--- Provided data Enclosed Below ---

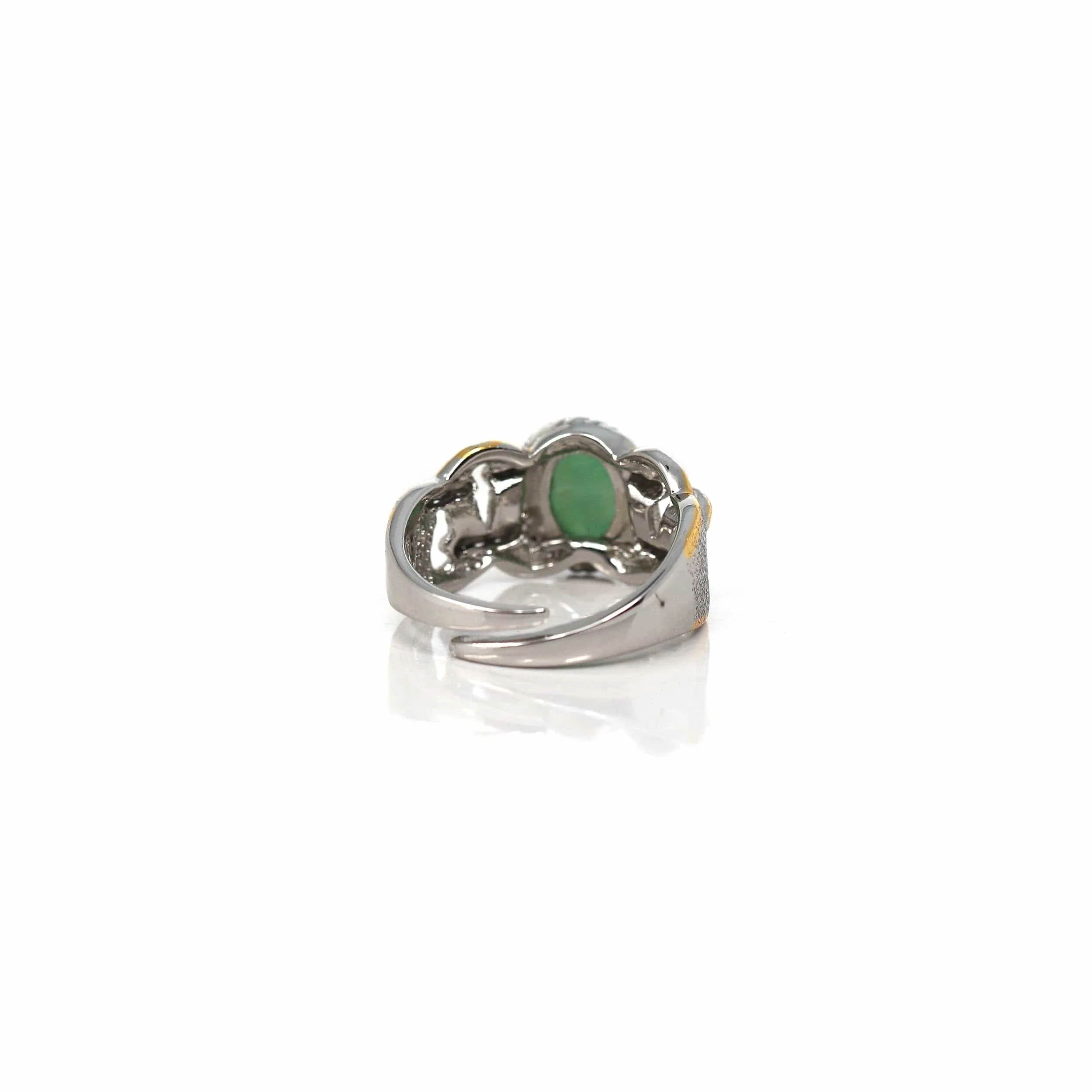 RealJade® Co. Antique Natural Jadeite Jade Sterling Silver Gold Plated Two Tone Ring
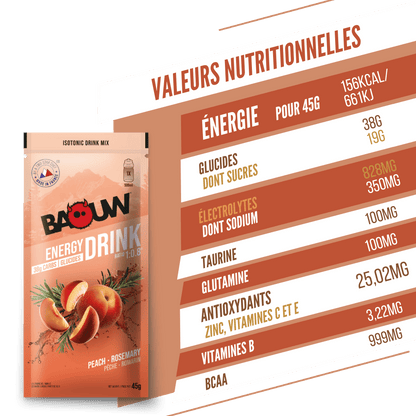 BAOUW - SACHET 45G BOISSON ISOTONIQUE PÊCHE / ROMARIN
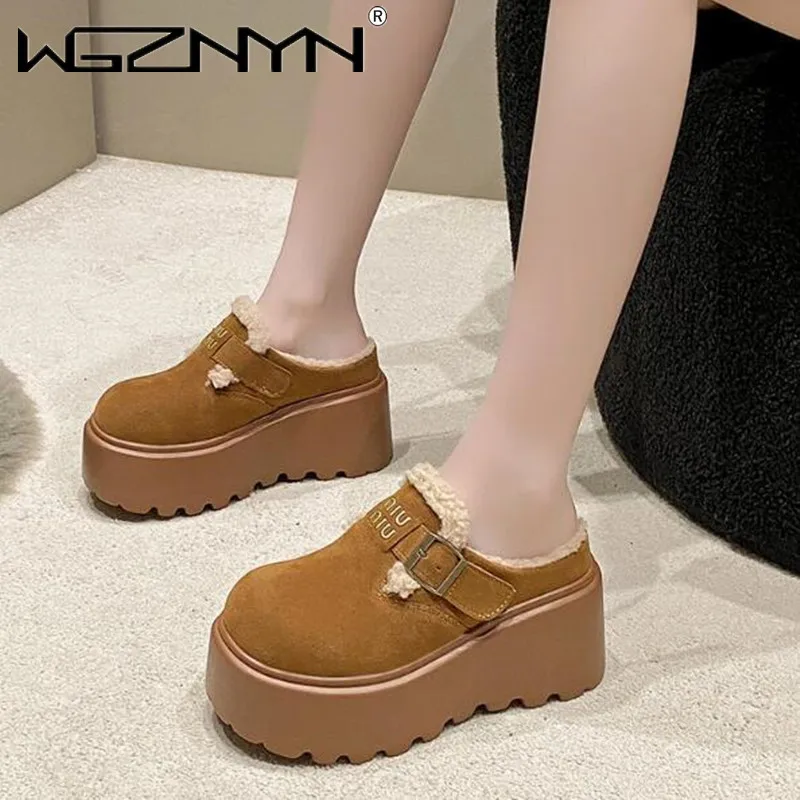 New Brand Luxury Winter Women's Shoe Plush Fashion Retro Bean Shoes Cotton Women's Flat Sole Slippers Platform Women Boots Mujer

--- End of Enclosed Provided data ---

**Work request**
All lines from the line containing "BAOUW - SACHET" through the end of the listing above are to be given again exactly; pictures are not part of the copy.

**Answer to this task**
 BAOUW - SACHET 45G BOISSON ISOTONIQUE PÊCHE / ROMARIN
 New Brand Luxury Winter Women's Shoe Plush Fashion Retro Bean Shoes Cotton Women's Flat Sole Slippers Platform Women Boots Mujer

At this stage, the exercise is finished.